I’ve often written here about the dialogue between our past, present, and future selves implicit in the act of writing, whether we’re composing a novel or jotting down a Post-It note. Kriss quotes Jacques Derrida on the humble grocery list: “At the very moment ‘I’ make a shopping list, I know that it will only be a list if it implies my absence, if it already detaches itself from me in order to function beyond my ‘present’ act and if it is utilizable at another time.” And I’m constantly aware of the book that I’m writing as a form of time travel. As I mentioned last week, I’m preparing the notes, which means that I often have to make sense of something that I wrote down over two years ago. There are times when the presence of that other self is so strong that it feels as if he’s seated next to me, even as I remain conscious of the gap between us. (For one thing, my past self didn’t know nearly as much about John W. Campbell.) And the two of us together are wiser, more effective, and more knowledgeable than either one of us alone, as long as we have writing to serve as a bridge between us. If a notebook is a place for organizing information that we can’t easily store in our heads, that’s even more true of a book written for publication, which serves as a repository of ideas to be manipulated, rearranged, and refined over time. This can lead to the odd impression that your book somehow knows more than you do, which it probably does. Knowledge is less about raw data than about the connections between them, and a book is the best way we have for compiling our moments of insight in a form that can be processed more or less all at once. We measure ourselves against the intelligence of authors in books, but we’re also comparing two fundamentally different things. Whatever ideas I have right now on any given subject probably aren’t as good as a compilation of everything that occurred to my comparably intelligent double over the course of two or three years.

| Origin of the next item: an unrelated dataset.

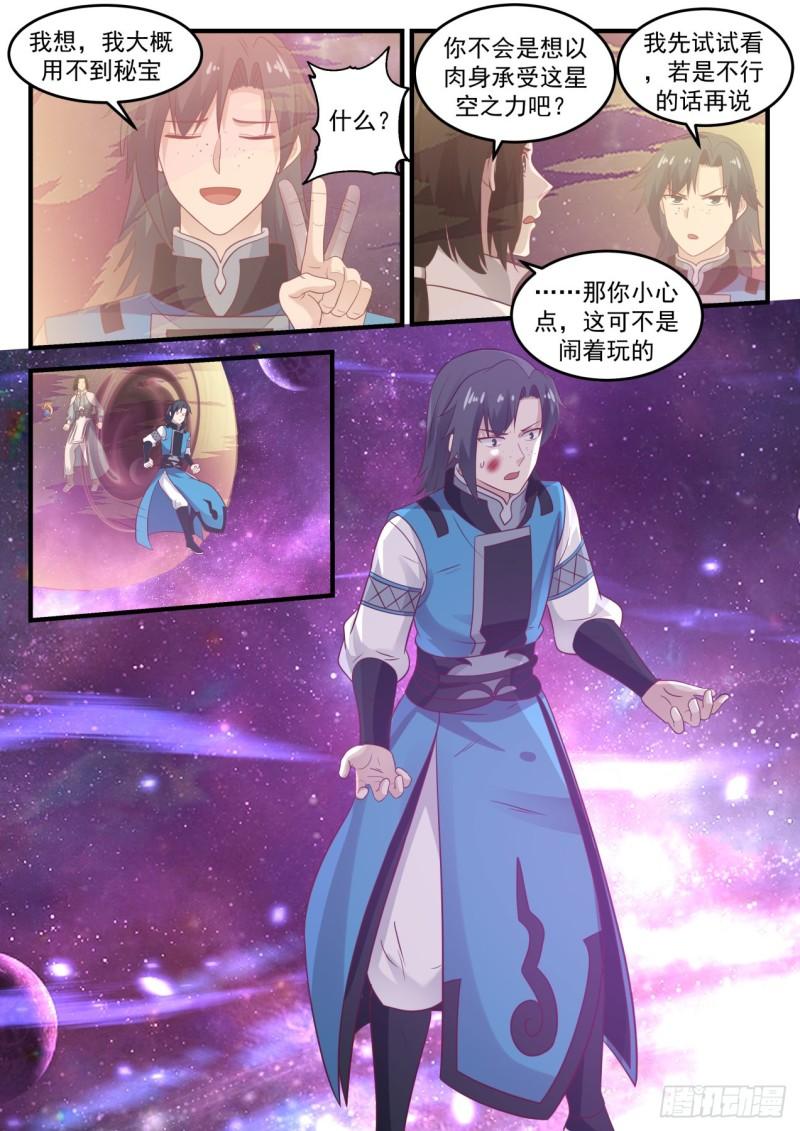 684 星空12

This implies that most authors are useful not so much for their deeper insights as for their greater availability, which allows them to externalize their thoughts and manipulate them in the real world for longer and with more intensity than their readers can. (Campbell liked to remind his writers that the magazine’s subscribers were paying them to think on their behalf.) I often remember one of my favorite anecdotes about Isaac Asimov, which he shares in the collection Opus 100. He was asked to speak on the radio on nothing less than the human brain, on which he had just published a book. Asimov responded: “Heavens! I’m not a brain expert.” When the interviewer pointed out that he had just written an entire book on the subject, Asimov explained:

“Yes, but I studied up for the book and put in everything I could learn. I don’t know anything but the exact words in the book, and I don’t think I can remember all those in a pinch. After all,” I went on, a little aggrieved, “I’ve written books on dozens of subjects. You can’t expect me to be expert on all of them just because I’ve written books about them.”

Every author can relate to this, and there are times when “I don’t know anything but the exact words in the book” sums up my feelings about my own work. Asimov’s case is particularly fascinating because of the scale involved. By some measures, he was the most prolific author in American history, with over four hundred books to his credit, and even if we strip away the anthologies and other works that he used to pad the count, it’s still a huge amount of information. To what extent was Asimov coterminous with his books? The answer, I think, lies somewhere between “Entirely” and “Not at all,” and there was presumably more of Asimov in his memoirs than in An Easy Introduction to the Slide Rule. But he’s only an extreme version of a phenomenon that applies to every last one of us. When the radio interviewer asked incredulously if he was an expert on anything, Asimov responded: “I’m an expert on one thing. On sounding like an expert.” And that’s true of everyone. The notes that we take allow us to pose as experts in the area that matters the most—on the world around us, and even our own lives.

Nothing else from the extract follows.